Here I will list the milestones achieved in sync with the tasks done on the project board.

* Connection to the api-server established on an AKS cluster.

![Cloud Shell logs from the health-check pod](https://user-images.githubusercontent.com/37150991/83383036-ee68f580-a401-11ea-9340-970411d09652.png)

* Service and Pod IPs successfully retrieved.

![Logs show the different IPs](https://user-images.githubusercontent.com/37150991/83383009-e6a95100-a401-11ea-810d-a3d3b4c83b98.png)

* Restarting CoreDNS pods through the binary. The logs shows the pods to be deleted.

![The logs show the pods to be deleted](https://user-images.githubusercontent.com/37150991/84131657-7a15fe00-aa62-11ea-8ebd-5410f28ce786.png)

The condition of invalid output has been harcoded in order to force a restart, for testing purposes.

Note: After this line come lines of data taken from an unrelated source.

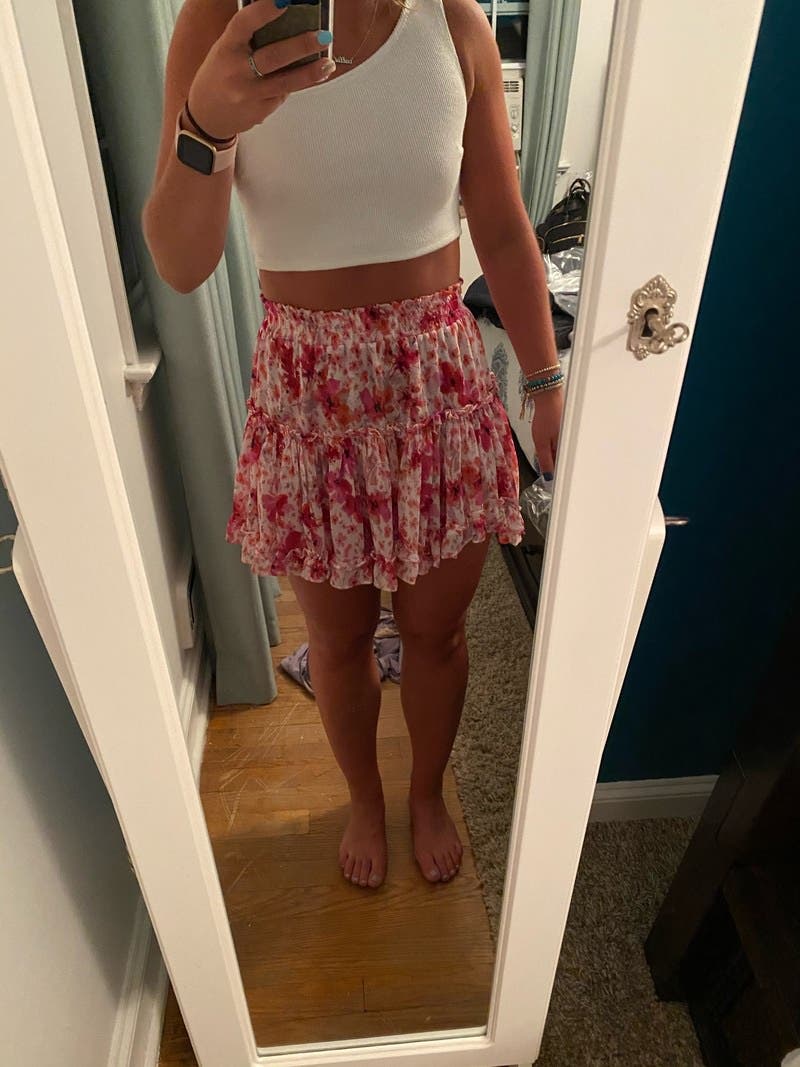 review thumbnail images 10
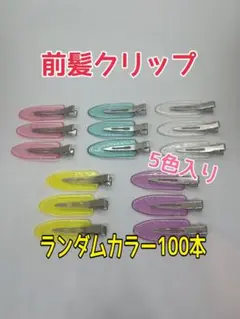 Item thumbnail for item 770bc5eb-6d99-49fc-ad63-876455b3a9d0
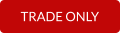 TRADE ONLY
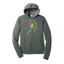 Resilient Teens - Unisex Sponge Fleece Hoodie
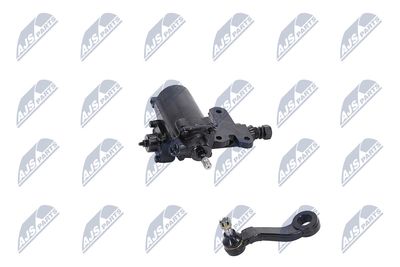 CASETA DIRECTIE NTY SPKTY015 37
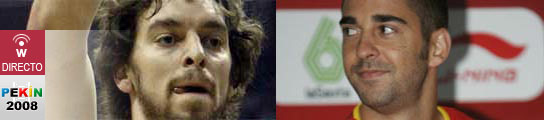 Gasol y Navarro Gasol y Navarro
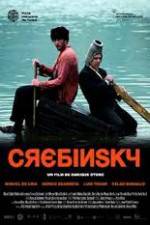 Watch Crebinsky Zmovies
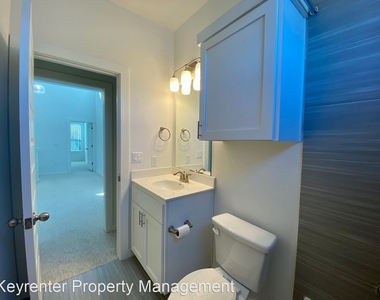 6409 Berkman Dr Unit 10 - Photo Thumbnail 19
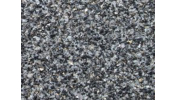 NOCH 09363 PROFI ágyazatkavics, gránit, szürke (250 g, 0.5÷1 mm szemcse) NOCH 09363 PROFI ágyazatkavics, gránit, szürke (250 g, 0.5÷1 mm szemcse)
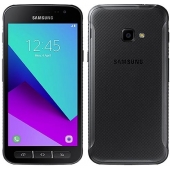 Samsung Galaxy Xcover 4 SM-G390 Opladers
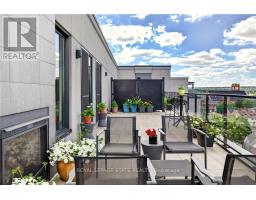 807 - 181 James Street N, Hamilton, ON L8R2K9 Photo 15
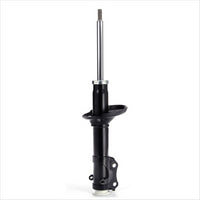 KYB Shock Absorber Front 333712 FITS: VW GOLF/POLO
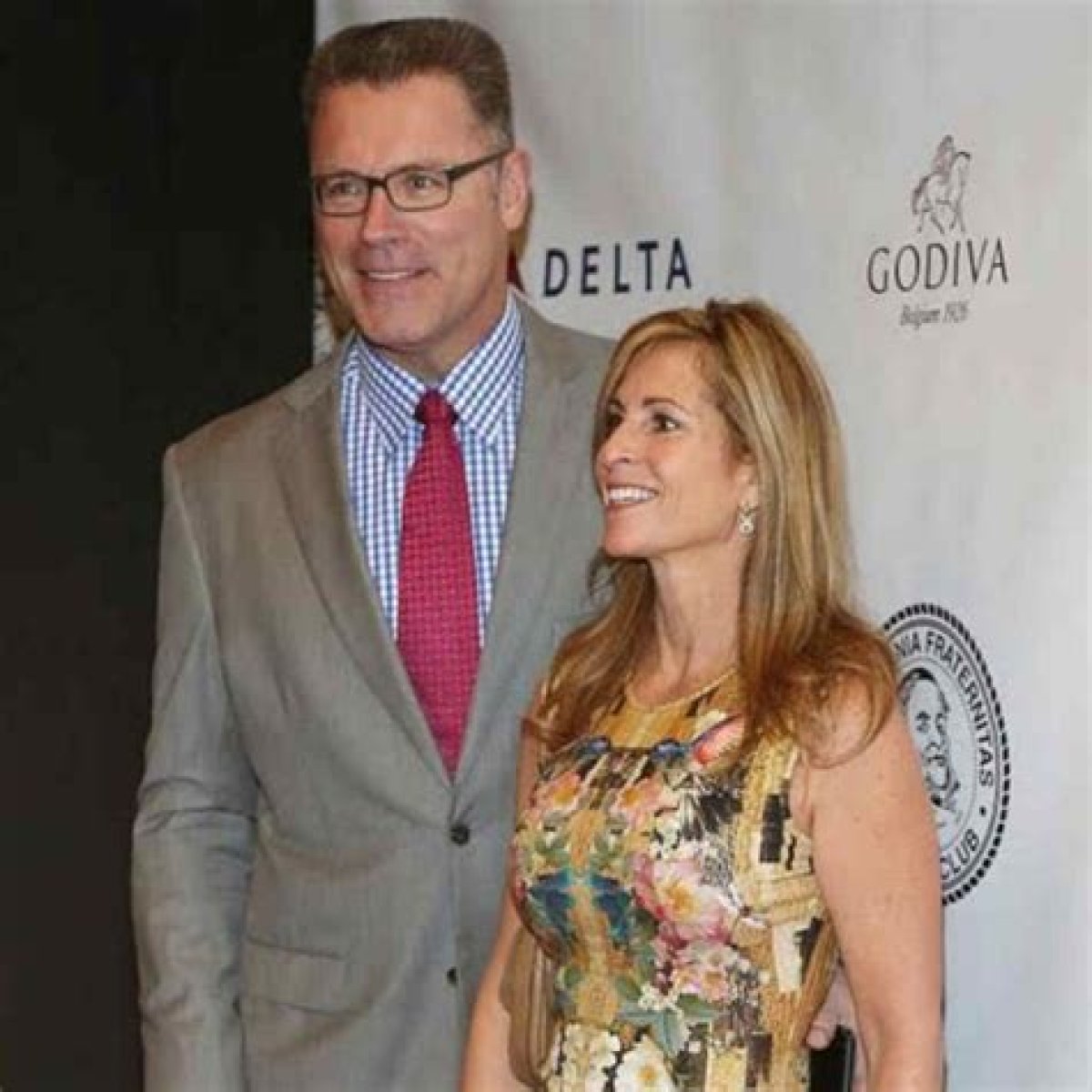 Diane Addonizio: Howie Long’s wife – Everything to Know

![We can see that new pods have been created](https://user-images.githubusercontent.com/37150991/84131724-8dc16480-aa62-11ea-85d9-d9fe5117cbad.png)
We can see that new pods have been created.

* Functionality of `dig` replicated using `miekg/exdns/q` inside the health-check app.
The first two IPs belong to the CoreDNS pods. The third is the `ClusterIP` for the `kube-dns` service.

![](https://user-images.githubusercontent.com/37150991/84260469-b9624e80-ab37-11ea-8a53-a4e3f8d95875.png)
I have selected the `kubernetes.default` service to test the DNS response.

* Doubling the memory allocation for the CoreDNS pods.

![](https://user-images.githubusercontent.com/37150991/89102633-dd039000-d428-11ea-9292-41d54b61a3bf.png)
At first, the memory limit is 170Mi

![](https://user-images.githubusercontent.com/37150991/89102657-0e7c5b80-d429-11ea-8760-c5ec87e7ea97.png)
Later, it is doubled to 340Mi. This was triggered when multiple subsequent restarts failed to make the pods healthy.